Marsh Hawk Press offers a "Three Questions" Series for its authors to discuss individual titles -- an index to the Series is available HERE.  We are pleased to present this Q&A with Michael Rerick and his book which received the 2008 Marsh Hawk Press Poetry Prize:

1)  What is something not known or obvious about your book In Ways Impossible to Fold

While writing the book I was thinking about large themes like art and beauty, those sometimes taboo poetic subjects, and wondering how I could tackle them. I felt as though it would be too obvious to have poems or sections dealing directly with, say, art, so juggling a set of concrete and abstract notions made the most sense to me at the time. Poems in each section consider, then, art in Sculptures, the artist and beauty in X-Ray, personal history in Objects, a History, travel in Post Clips, and language in Preservation/Excavations. I don’t know if my approach is obvious, and in a way I hope it isn’t, but I did have fun tackling these themes in an abstract-concrete way.

2)  Please share some responses to your book that’s surprised you, or made you happy or disappointed. 
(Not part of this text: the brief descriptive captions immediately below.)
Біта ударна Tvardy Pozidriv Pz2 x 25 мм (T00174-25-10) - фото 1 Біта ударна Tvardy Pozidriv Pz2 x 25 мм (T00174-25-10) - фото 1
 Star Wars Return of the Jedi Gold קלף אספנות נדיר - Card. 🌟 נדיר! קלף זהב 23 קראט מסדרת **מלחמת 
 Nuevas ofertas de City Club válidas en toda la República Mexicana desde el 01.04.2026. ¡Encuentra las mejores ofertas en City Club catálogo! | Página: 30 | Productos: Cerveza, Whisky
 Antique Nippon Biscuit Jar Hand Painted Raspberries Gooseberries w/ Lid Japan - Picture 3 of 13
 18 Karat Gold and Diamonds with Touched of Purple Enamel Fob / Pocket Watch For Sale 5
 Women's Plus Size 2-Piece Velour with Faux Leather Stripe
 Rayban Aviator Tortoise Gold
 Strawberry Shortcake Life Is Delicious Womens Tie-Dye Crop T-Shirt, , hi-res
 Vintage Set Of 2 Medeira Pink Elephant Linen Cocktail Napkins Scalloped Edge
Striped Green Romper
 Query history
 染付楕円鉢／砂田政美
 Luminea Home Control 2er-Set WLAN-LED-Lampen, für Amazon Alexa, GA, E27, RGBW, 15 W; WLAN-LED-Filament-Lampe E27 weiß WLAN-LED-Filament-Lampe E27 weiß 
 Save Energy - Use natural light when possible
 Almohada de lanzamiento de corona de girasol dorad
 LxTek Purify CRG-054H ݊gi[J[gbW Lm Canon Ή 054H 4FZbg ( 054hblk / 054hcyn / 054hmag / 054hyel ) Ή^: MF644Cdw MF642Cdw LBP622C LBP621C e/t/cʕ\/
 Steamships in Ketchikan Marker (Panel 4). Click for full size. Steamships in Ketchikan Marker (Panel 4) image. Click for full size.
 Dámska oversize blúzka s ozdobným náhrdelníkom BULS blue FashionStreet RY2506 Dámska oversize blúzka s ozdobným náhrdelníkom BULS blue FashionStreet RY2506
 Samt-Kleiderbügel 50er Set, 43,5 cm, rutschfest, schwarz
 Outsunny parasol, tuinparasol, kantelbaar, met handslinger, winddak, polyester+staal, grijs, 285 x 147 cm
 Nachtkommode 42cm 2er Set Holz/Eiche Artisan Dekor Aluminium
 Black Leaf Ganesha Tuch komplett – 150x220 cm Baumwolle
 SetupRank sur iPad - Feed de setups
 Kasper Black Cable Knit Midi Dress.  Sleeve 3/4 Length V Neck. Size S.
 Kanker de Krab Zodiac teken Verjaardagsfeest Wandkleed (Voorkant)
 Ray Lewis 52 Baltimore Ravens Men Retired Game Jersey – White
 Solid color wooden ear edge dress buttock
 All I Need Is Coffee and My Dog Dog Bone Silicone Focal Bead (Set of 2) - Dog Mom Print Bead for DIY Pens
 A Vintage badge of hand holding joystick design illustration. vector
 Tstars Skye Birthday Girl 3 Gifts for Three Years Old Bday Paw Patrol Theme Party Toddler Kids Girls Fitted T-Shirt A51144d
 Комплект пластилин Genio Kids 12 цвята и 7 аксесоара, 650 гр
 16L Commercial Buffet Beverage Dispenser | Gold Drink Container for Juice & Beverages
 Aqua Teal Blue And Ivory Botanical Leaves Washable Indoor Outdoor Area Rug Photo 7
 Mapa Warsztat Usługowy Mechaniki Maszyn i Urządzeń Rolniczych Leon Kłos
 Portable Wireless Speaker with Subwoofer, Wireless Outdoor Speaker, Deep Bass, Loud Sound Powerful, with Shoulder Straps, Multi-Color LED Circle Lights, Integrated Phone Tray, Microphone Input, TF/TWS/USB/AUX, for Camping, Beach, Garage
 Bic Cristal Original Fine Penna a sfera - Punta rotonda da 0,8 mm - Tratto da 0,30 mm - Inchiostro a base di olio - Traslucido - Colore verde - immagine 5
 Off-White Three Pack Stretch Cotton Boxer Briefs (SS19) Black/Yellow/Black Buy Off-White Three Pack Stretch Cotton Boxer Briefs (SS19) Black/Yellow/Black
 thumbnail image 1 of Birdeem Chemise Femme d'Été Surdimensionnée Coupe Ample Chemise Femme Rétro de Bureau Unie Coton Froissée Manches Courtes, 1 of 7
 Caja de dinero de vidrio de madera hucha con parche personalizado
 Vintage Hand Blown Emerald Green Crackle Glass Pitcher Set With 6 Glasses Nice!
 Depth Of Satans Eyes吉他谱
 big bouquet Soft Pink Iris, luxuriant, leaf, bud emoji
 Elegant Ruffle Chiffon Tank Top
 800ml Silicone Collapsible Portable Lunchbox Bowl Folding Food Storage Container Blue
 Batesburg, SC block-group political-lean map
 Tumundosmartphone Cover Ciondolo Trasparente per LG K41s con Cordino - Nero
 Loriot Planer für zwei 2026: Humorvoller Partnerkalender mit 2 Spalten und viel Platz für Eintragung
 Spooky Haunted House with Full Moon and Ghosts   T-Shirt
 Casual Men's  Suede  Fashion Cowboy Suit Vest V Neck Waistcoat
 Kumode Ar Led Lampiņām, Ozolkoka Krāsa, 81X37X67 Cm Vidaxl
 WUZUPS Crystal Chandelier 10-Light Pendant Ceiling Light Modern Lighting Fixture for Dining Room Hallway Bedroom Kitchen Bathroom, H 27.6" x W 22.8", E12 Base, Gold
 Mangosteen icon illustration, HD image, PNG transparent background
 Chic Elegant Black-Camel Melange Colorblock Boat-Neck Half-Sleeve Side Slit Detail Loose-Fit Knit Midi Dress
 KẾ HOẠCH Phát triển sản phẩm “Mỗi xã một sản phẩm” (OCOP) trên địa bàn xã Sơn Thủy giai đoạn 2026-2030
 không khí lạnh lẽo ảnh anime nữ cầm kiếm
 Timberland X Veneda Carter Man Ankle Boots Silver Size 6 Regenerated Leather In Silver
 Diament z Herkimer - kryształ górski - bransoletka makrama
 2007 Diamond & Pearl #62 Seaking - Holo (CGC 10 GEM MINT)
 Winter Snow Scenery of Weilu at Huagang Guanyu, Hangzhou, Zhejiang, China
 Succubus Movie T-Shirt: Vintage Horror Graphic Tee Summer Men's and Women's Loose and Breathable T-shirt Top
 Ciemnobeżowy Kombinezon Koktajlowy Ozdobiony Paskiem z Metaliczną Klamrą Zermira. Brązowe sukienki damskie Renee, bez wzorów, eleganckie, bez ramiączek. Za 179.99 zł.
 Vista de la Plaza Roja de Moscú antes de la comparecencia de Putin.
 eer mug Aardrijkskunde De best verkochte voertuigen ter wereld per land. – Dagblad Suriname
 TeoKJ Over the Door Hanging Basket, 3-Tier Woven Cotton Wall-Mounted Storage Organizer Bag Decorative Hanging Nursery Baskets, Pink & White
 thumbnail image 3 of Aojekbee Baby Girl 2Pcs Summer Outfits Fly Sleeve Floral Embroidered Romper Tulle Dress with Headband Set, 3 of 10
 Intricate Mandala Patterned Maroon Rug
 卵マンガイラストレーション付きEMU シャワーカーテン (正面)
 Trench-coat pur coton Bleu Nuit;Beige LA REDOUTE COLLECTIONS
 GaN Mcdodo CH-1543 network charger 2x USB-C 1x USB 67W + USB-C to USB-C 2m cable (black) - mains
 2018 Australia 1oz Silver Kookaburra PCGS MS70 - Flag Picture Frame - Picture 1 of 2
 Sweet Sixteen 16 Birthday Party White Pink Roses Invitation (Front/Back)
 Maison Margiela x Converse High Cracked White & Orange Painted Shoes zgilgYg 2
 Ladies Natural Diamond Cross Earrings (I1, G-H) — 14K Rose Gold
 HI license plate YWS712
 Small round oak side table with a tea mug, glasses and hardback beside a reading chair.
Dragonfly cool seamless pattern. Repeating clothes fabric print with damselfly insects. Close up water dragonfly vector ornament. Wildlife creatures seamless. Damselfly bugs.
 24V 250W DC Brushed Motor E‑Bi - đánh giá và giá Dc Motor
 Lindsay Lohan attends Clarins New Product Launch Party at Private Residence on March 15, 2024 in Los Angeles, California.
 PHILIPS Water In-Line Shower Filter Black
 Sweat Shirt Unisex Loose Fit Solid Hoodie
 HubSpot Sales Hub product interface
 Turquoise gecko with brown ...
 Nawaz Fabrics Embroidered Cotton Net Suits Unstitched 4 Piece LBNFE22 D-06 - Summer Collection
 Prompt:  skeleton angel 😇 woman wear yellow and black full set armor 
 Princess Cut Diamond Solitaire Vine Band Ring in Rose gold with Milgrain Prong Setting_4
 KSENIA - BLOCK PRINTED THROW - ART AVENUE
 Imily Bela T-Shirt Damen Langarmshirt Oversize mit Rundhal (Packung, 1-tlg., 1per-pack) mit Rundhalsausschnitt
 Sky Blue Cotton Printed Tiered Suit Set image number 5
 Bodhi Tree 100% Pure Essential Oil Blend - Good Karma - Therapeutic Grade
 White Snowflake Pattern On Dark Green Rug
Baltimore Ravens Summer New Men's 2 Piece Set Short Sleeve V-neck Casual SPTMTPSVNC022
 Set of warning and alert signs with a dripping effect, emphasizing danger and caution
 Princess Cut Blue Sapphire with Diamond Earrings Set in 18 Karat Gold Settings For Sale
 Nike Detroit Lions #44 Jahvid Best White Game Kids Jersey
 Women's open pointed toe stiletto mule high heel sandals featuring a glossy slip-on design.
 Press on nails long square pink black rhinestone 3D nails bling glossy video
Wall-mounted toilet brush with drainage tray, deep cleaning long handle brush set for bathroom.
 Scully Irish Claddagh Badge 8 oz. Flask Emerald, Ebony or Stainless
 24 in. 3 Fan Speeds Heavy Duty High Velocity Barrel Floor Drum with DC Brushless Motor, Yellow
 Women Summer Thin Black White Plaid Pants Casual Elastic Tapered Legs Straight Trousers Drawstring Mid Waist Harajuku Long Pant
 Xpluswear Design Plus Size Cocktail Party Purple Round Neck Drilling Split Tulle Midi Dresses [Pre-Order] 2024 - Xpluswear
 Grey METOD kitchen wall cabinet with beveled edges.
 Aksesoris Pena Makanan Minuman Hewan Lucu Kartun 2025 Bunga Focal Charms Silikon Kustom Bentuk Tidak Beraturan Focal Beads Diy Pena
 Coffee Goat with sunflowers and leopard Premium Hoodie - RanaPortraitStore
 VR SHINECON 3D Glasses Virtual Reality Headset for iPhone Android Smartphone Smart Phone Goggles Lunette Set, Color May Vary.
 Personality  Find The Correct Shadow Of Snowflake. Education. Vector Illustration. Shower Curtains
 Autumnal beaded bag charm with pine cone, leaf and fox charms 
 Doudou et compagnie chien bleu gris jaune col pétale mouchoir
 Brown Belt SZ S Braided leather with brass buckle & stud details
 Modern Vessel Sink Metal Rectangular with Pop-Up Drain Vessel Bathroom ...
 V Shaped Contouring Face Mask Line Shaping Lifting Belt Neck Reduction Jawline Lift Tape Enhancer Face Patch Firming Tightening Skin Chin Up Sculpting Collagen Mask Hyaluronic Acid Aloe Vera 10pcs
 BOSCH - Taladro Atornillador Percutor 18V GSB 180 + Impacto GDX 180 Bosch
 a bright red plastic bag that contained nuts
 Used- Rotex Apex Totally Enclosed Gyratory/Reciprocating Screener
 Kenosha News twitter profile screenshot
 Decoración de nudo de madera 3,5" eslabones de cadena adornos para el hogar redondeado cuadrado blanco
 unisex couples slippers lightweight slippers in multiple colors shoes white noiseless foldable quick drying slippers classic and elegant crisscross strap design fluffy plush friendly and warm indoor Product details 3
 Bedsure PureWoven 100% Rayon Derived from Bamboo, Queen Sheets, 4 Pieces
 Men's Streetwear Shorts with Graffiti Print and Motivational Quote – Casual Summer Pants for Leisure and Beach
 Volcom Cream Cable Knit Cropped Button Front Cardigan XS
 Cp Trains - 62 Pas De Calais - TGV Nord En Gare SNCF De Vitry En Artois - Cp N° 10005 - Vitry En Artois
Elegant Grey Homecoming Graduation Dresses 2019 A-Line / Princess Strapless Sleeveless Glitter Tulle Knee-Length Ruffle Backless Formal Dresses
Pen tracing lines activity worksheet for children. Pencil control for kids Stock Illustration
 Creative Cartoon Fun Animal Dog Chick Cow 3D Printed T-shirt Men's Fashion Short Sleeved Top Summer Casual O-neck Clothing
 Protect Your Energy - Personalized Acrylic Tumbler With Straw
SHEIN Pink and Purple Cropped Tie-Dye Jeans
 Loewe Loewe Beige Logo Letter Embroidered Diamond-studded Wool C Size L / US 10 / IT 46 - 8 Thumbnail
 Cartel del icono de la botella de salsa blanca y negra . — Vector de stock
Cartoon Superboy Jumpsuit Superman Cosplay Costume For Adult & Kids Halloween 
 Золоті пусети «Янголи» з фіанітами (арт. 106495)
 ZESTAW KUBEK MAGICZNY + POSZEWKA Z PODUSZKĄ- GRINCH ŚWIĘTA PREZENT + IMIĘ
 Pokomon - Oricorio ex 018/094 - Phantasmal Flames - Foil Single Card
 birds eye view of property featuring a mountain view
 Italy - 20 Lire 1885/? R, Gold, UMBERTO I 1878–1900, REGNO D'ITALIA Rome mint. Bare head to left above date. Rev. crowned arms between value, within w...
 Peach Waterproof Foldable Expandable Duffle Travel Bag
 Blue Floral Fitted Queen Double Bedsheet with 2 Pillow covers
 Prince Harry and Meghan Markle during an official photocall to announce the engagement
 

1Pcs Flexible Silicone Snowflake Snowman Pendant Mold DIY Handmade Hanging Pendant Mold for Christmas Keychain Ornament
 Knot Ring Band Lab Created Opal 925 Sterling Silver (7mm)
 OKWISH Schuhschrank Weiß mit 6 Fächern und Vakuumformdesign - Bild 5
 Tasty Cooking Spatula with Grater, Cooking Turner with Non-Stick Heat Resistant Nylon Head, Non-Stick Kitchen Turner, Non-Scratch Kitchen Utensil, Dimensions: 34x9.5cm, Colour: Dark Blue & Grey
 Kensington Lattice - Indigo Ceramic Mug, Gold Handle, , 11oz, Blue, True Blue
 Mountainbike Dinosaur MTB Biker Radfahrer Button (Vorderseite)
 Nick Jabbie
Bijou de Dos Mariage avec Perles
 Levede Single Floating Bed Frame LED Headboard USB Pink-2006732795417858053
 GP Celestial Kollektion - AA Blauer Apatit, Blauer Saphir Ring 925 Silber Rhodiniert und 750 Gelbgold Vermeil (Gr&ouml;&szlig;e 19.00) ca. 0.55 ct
A friend taught my book in her undergraduate poetry workshop and I visited the class to discuss my work. To be honest, it was flattering as well as a bit terrifying. I was honored to have so many people consider the book all at once, but I also felt uncomfortable discussing my work while in the hot seat. Still, the book created the experience, and I’m happy to be able to do things like this because of it.

Also, my family read the book. Or parts of it. And that is saying something.

3) If you had to choose a favorite poem or a poem to highlight from the book, which one would you choose and why? 

I think the opening poem really sets the linguistic and thematic mood for what the book does as a whole. It also contains the book’s title. So, it’s a nutshell:

(metal work)

This, publicly, takes a love story and unfolds geometrically
in ways impossible to fold. All around: a park. Inside:
hollow. The welts show, the granite pedestal moans a bird,
it jumps. At night it sings. The story of “what draws me to it,
personally” grows in the socket of a mossy eye, a field
of I-beams that float, pivot, tap, meow, or triangulate
the gravity of healthy problems. Rust meets another wind.

Light: a shiver and smile of wire mesh.


We thank Michael Rerick for participating in this Q&A.